# Öffenlicher Bereich > Termine >  Bad Homburg 24.7.2010 bis 25.7.2010

## Enrico

Wie immer im Kurpark

----------


## erklaerbaer

Gibt es da eigentlich "offizielle" oder halbwegs verlässliche Angaben, wie viele Besucher jährlich nach Bad Homburg kommen?

----------


## Enrico

Woher? Musste mal zählen   ::

----------


## erklaerbaer

Nun, ich denke, derartige Veranstaltungen werden irgendwo offiziell angemeldet und die interessiert sich schon für die (erwartete) Teilnehmerzahl. 

Aber ich habe mich mal auf der Homepage der Veranstalters unter http://www.amazing-thailand-bad-homburg.de umgeschaut und außer den Standgebühren für Aussteller nix derartiges gefunden. Und wer so ab ca. 500 Euronen aufwärts für nen Stand bezahlt, der dürfte/sollte sich eigentlich auch für die Besucherzahl interessieren.

----------


## Enrico

So, da die Damen nun unbedingt wollen, werden wir dieses Jahr wieder fahren. Samstag hin, Sonntag zurück. Wie schon im anderen Thread geschrieben, würde ich mich freuen wenn das mit Schienes Garten klappt. Also Samstag bisschen Thaifest, Samstag Abend paar Brausen bei Schiene, Sonntag Mittag dann gemütlich wieder heim.

----------


## schiene

Ichkann erst die nächsten tage genau sagen obs mit Garten klappt da ich noch nicht genau sagen kann ob ich arbeiten muß.

----------


## Enrico

Das ist nicht so schlimm, das Bier kannste ja auch parr Tage eher hinstellen   ::

----------


## schiene

mach ich doch natürlich für euch  ::

----------


## schiene

Habe am 24.und 25.7.2010 frei.
Mit Garten geht in Ordnung!!
Wer nen Zimmer in FFM braucht kann mir bescheit sagen,ich würde es für euch buchen.

----------


## Enrico

Prima, ich nehme wieder eins wie gehabt   ::

----------


## Enrico

So, wie so eben mit Schiene besprochen, machen wir ein Lockeres Siamonline Treffen draus.

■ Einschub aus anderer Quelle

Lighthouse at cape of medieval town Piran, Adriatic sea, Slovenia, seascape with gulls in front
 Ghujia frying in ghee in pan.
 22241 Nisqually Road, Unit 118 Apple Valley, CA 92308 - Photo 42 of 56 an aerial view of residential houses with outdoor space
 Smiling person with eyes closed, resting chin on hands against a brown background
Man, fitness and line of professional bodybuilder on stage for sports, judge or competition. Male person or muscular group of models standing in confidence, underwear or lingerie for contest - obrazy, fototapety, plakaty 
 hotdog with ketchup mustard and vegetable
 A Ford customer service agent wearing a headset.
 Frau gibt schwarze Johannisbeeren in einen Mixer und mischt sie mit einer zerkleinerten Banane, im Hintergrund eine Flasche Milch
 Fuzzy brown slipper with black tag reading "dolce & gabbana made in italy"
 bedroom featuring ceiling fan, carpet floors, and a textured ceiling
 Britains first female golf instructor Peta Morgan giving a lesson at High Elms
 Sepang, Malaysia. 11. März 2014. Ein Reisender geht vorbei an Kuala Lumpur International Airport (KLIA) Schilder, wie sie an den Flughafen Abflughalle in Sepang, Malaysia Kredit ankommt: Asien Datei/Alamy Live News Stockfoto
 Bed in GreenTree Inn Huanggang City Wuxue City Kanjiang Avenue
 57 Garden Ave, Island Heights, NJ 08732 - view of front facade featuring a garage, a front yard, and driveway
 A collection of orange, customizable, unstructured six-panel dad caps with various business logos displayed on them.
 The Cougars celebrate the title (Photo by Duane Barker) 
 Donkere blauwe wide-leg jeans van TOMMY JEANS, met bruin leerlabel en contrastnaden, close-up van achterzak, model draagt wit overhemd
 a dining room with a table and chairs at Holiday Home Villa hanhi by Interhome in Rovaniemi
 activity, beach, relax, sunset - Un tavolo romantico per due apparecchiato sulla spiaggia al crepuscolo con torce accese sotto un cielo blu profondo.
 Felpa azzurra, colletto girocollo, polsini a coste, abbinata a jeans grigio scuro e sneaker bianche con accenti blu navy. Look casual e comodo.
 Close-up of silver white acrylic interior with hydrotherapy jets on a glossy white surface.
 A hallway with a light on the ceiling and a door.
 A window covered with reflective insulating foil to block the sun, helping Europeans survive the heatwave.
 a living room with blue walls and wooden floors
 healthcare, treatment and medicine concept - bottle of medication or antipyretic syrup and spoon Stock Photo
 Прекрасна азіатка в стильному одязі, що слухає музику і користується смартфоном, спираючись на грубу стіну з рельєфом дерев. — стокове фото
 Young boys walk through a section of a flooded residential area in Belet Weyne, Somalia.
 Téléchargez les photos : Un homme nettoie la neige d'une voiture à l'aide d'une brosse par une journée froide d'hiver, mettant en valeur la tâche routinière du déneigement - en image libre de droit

Also nach Bad Homburg geht es ab in Garten zu Schiene. Wer kann bringt was zu essen mit, aber ansich haben die Damen hier aus Thüringen schon genug Essen im Gepäck. Ich kauf noch parr Bratwürste und Brätel, Schiene besorgt die Getränke, die dann je angefangen Liter zu bezahlen sind, wie immer halt. Also wer noch so kommen will, wie Lage zum Beispiel, jeder ist willkommen. 

 ::

----------


## schiene

gibts schon Leute die wissen das sie kommen???

----------


## Robert

Samstags Amazing Thailand zu 75%  ja, abends Garten zu 95% nein

----------


## schiene

wir sind ca.13:30 da  ::

----------


## Robert

Ich muß erst mal nach meiner Mutter sehen, erst mal ist alles offen...

----------


## Greenhorn

Sorry,
wuerde schon gerne teilnehmen, aber mit D wird das die naechste Zeit nichts, bei mir!
Solltet ihr mal ein Treffen in "*Bad* Ranong" einplanen, bin ich natuerlich dabei, und werde auch den groessten Teil der Organisation uebernehmen. Einfache, bis sehr einfache Schlafmoeglichkeiten (kostenlos) kann ich dort auch anbieten.
Bis dahin, wuensche ich euch eine schoene Zeit und immer wieder ein schoenes Fest! 
 ::   ::

----------


## schiene

Wetter hat prima mitgespielt und wie jedes Jahr war das Fest gut besucht.Anschliesend sind wir noch bei mir in den Garten und Enrico hat leckere Bratwürste und eingelegtes Fleisch mitgebracht.Nur beim Bier muß ne Flasche schlecht gewesen sein daich heute mächtiges aua im Kopf habe  ::   ::

----------


## Enrico

Dieses Jahr war das erste mal das auch das Wetter mal ok war, nicht prahle Sonne wie sonst. Da hätte man es auch bis 22 Uhr aushalten können. Leider war Robert nicht da, Stephan von Thai-Asien-Reisen konnte ich nur sehen, seine Mitarbeiterin lies mich nicht durch zu ihn  ::  

Nee, der war nur mit Leuten am Quatschen, da wollt ich nicht stören. Dutlek wollt ich noch treffen, aber ich hab ihn leider nicht gesehen. Günny genauso, ich wusste er ist am Platz, aber wir haben uns nicht gefunden   ::  

Exmember die ankündigten zu "kommen", für die ich extra das rosa T-Shirt trug um mich zu "treffen" und ich eine Brille aufsetzte, kamen auch nicht  ::  

Ok, nächstes Jahr   ::

----------


## Greenhorn

> .....Nur beim Bier muß ne Flasche schlecht gewesen sein daich heute mächtiges aua im Kopf habe


In solchen "dringenden" Faellen (  ::   :: )  kann man schon mal eine Alka-S.... (Acetylsalicylsäure) nehmen. 
 ::

----------